Senator McCain was quoted in an AP story as saying: “I’ve often had dreams of giant pipe that ended up in my backyard in Phoenix. But the fact is that any decision concerning water should be made by the people who own the water. That’s the states.” The comments are almost identical to his earlier statements made in a Wisconsin TV news interview, in which McCain based his support of the Great Lakes compact on his general preference for state control of water resources.

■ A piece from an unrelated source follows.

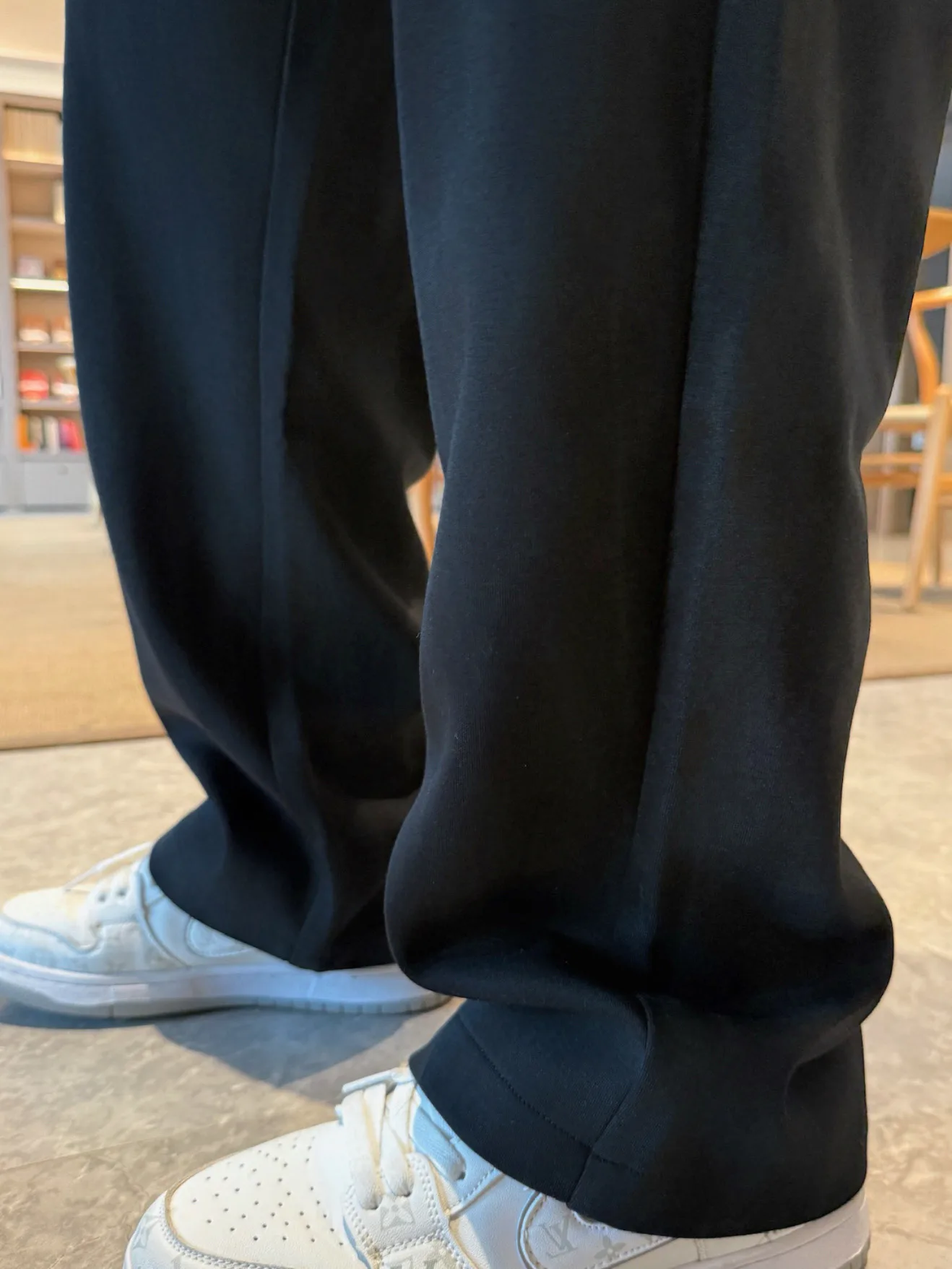 Men's Trousers BALENCIAGA 18345806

Senator Obama made his support clear in an official press release on the Great Lakes compact, stating “The Great Lakes are an international treasure and supply drinking water to almost 30 million people in our country. The Great Lakes Compact is an historic agreement to protect our Great Lakes from water diversions and exports. It is, perhaps, the most significant legal action to protect the Lakes in the last 100 years since the Boundary Waters Treaty between the U.S. and Canada. This Compact on managing Great Lakes water is essential for the environmental and economic health of the region. All eight Great Lakes states have approved the Compact and now it’s time for the Congress and the President to take action. The Compact should be quickly ratified. I will be an original co-sponsor of this legislation with Senator Carl Levin and Senator George Voinovich and will work across the aisle to pass this important bill. I am committed to working to fully implement this Compact to protect America’s truly Great Lakes.”
Skeptics might view both candidates’ support as a simple political calculation, since several Great Lakes swing states are key ‘must-wins’ to get to the White House. I think their support is more genuine and representative of the growing consensus around regional water protection efforts. Either way, it’s great to have both candidates on board for the Great Lakes compact.